*** Records for the exercise Section Begins ***

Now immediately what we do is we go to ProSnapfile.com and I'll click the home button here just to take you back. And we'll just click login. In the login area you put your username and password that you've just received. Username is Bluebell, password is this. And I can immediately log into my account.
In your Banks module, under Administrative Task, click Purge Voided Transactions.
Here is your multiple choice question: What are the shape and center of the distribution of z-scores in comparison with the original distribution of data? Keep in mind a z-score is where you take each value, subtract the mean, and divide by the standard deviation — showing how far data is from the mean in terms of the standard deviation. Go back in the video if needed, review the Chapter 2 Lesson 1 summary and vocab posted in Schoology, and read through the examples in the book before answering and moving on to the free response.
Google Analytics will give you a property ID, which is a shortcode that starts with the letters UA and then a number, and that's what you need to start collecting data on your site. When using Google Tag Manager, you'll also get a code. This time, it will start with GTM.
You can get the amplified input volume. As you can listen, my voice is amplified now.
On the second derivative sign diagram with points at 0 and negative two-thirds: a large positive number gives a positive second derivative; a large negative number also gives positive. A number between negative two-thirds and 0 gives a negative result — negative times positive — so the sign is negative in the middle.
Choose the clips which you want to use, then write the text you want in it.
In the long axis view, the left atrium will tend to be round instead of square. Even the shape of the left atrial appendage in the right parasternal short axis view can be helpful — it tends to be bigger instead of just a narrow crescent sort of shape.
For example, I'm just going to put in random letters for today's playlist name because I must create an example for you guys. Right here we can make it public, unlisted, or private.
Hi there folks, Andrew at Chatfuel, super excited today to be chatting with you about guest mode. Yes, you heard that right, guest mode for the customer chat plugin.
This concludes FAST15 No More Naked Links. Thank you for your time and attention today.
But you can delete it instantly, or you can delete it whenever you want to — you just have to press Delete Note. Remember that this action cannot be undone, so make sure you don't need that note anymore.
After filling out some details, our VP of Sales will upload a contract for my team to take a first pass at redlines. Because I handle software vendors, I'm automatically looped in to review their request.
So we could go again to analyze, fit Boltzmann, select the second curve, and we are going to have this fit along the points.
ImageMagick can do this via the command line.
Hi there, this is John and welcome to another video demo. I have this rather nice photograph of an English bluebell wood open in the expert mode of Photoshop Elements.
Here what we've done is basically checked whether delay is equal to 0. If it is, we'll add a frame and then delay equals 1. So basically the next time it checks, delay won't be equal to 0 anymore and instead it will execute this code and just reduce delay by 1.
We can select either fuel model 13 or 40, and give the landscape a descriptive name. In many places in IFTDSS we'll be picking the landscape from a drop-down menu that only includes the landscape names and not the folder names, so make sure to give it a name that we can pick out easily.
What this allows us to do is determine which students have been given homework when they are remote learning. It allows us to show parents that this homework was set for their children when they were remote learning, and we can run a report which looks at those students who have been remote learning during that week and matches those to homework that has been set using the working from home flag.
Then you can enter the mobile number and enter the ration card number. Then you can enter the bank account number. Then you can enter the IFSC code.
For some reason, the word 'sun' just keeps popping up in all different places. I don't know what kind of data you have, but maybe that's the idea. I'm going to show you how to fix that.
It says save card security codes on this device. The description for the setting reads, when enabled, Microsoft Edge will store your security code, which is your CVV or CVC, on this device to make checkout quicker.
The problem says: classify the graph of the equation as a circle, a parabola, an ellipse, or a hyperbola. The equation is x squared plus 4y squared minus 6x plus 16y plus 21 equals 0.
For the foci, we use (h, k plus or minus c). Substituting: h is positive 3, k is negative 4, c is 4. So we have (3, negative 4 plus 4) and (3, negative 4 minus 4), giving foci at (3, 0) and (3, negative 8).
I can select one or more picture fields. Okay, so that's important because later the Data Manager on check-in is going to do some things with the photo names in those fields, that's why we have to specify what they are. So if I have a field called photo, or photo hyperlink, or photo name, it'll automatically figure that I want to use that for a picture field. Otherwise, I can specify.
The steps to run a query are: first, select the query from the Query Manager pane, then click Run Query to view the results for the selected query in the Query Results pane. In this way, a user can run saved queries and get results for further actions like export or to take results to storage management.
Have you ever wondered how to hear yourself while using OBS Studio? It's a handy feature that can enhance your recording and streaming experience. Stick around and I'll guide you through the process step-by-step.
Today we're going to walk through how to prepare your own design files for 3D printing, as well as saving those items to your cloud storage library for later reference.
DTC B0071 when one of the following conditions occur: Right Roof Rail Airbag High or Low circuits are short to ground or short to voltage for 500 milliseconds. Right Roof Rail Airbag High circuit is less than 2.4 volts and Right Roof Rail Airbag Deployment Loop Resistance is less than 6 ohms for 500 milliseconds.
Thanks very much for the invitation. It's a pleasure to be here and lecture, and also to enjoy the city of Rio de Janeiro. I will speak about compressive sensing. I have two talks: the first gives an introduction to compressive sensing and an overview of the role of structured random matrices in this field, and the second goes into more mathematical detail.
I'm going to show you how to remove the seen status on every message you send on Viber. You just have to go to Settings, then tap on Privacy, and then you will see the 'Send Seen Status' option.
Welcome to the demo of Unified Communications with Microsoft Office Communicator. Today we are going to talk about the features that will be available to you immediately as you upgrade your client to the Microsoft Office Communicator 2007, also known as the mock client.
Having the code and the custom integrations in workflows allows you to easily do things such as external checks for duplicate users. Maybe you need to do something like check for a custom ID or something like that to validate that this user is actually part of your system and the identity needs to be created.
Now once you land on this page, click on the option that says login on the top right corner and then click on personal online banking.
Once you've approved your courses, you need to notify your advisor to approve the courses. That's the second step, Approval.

*** Records for the exercise Section Ends ***

■ Exercise instructions ■
Give the entries again in full, exactly as they were written above.

■ Completed task ■
Now immediately what we do is we go to ProSnapfile.com and I'll click the home button here just to take you back. And we'll just click login. In the login area you put your username and password that you've just received. Username is Bluebell, password is this. And I can immediately log into my account.
In your Banks module, under Administrative Task, click Purge Voided Transactions.
Here is your multiple choice question: What are the shape and center of the distribution of z-scores in comparison with the original distribution of data? Keep in mind a z-score is where you take each value, subtract the mean, and divide by the standard deviation — showing how far data is from the mean in terms of the standard deviation. Go back in the video if needed, review the Chapter 2 Lesson 1 summary and vocab posted in Schoology, and read through the examples in the book before answering and moving on to the free response.
Google Analytics will give you a property ID, which is a shortcode that starts with the letters UA and then a number, and that's what you need to start collecting data on your site. When using Google Tag Manager, you'll also get a code. This time, it will start with GTM.
You can get the amplified input volume. As you can listen, my voice is amplified now.
On the second derivative sign diagram with points at 0 and negative two-thirds: a large positive number gives a positive second derivative; a large negative number also gives positive. A number between negative two-thirds and 0 gives a negative result — negative times positive — so the sign is negative in the middle.
Choose the clips which you want to use, then write the text you want in it.
In the long axis view, the left atrium will tend to be round instead of square. Even the shape of the left atrial appendage in the right parasternal short axis view can be helpful — it tends to be bigger instead of just a narrow crescent sort of shape.
For example, I'm just going to put in random letters for today's playlist name because I must create an example for you guys. Right here we can make it public, unlisted, or private.
Hi there folks, Andrew at Chatfuel, super excited today to be chatting with you about guest mode. Yes, you heard that right, guest mode for the customer chat plugin.
This concludes FAST15 No More Naked Links. Thank you for your time and attention today.
But you can delete it instantly, or you can delete it whenever you want to — you just have to press Delete Note. Remember that this action cannot be undone, so make sure you don't need that note anymore.
After filling out some details, our VP of Sales will upload a contract for my team to take a first pass at redlines. Because I handle software vendors, I'm automatically looped in to review their request.
So we could go again to analyze, fit Boltzmann, select the second curve, and we are going to have this fit along the points.
ImageMagick can do this via the command line.
Hi there, this is John and welcome to another video demo. I have this rather nice photograph of an English bluebell wood open in the expert mode of Photoshop Elements.
Here what we've done is basically checked whether delay is equal to 0. If it is, we'll add a frame and then delay equals 1. So basically the next time it checks, delay won't be equal to 0 anymore and instead it will execute this code and just reduce delay by 1.
We can select either fuel model 13 or 40, and give the landscape a descriptive name. In many places in IFTDSS we'll be picking the landscape from a drop-down menu that only includes the landscape names and not the folder names, so make sure to give it a name that we can pick out easily.
What this allows us to do is determine which students have been given homework when they are remote learning. It allows us to show parents that this homework was set for their children when they were remote learning, and we can run a report which looks at those students who have been remote learning during that week and matches those to homework that has been set using the working from home flag.
Then you can enter the mobile number and enter the ration card number. Then you can enter the bank account number. Then you can enter the IFSC code.
For some reason, the word 'sun' just keeps popping up in all different places. I don't know what kind of data you have, but maybe that's the idea. I'm going to show you how to fix that.
It says save card security codes on this device. The description for the setting reads, when enabled, Microsoft Edge will store your security code, which is your CVV or CVC, on this device to make checkout quicker.
The problem says: classify the graph of the equation as a circle, a parabola, an ellipse, or a hyperbola. The equation is x squared plus 4y squared minus 6x plus 16y plus 21 equals 0.
For the foci, we use (h, k plus or minus c). Substituting: h is positive 3, k is negative 4, c is 4. So we have (3, negative 4 plus 4) and (3, negative 4 minus 4), giving foci at (3, 0) and (3, negative 8).
I can select one or more picture fields. Okay, so that's important because later the Data Manager on check-in is going to do some things with the photo names in those fields, that's why we have to specify what they are. So if I have a field called photo, or photo hyperlink, or photo name, it'll automatically figure that I want to use that for a picture field. Otherwise, I can specify.
The steps to run a query are: first, select the query from the Query Manager pane, then click Run Query to view the results for the selected query in the Query Results pane. In this way, a user can run saved queries and get results for further actions like export or to take results to storage management.
Have you ever wondered how to hear yourself while using OBS Studio? It's a handy feature that can enhance your recording and streaming experience. Stick around and I'll guide you through the process step-by-step.
Today we're going to walk through how to prepare your own design files for 3D printing, as well as saving those items to your cloud storage library for later reference.
DTC B0071 when one of the following conditions occur: Right Roof Rail Airbag High or Low circuits are short to ground or short to voltage for 500 milliseconds. Right Roof Rail Airbag High circuit is less than 2.4 volts and Right Roof Rail Airbag Deployment Loop Resistance is less than 6 ohms for 500 milliseconds.
Thanks very much for the invitation. It's a pleasure to be here and lecture, and also to enjoy the city of Rio de Janeiro. I will speak about compressive sensing. I have two talks: the first gives an introduction to compressive sensing and an overview of the role of structured random matrices in this field, and the second goes into more mathematical detail.
I'm going to show you how to remove the seen status on every message you send on Viber. You just have to go to Settings, then tap on Privacy, and then you will see the 'Send Seen Status' option.
Welcome to the demo of Unified Communications with Microsoft Office Communicator. Today we are going to talk about the features that will be available to you immediately as you upgrade your client to the Microsoft Office Communicator 2007, also known as the mock client.
Having the code and the custom integrations in workflows allows you to easily do things such as external checks for duplicate users. Maybe you need to do something like check for a custom ID or something like that to validate that this user is actually part of your system and the identity needs to be created.
Now once you land on this page, click on the option that says login on the top right corner and then click on personal online banking.
Once you've approved your courses, you need to notify your advisor to approve the courses. That's the second step, Approval.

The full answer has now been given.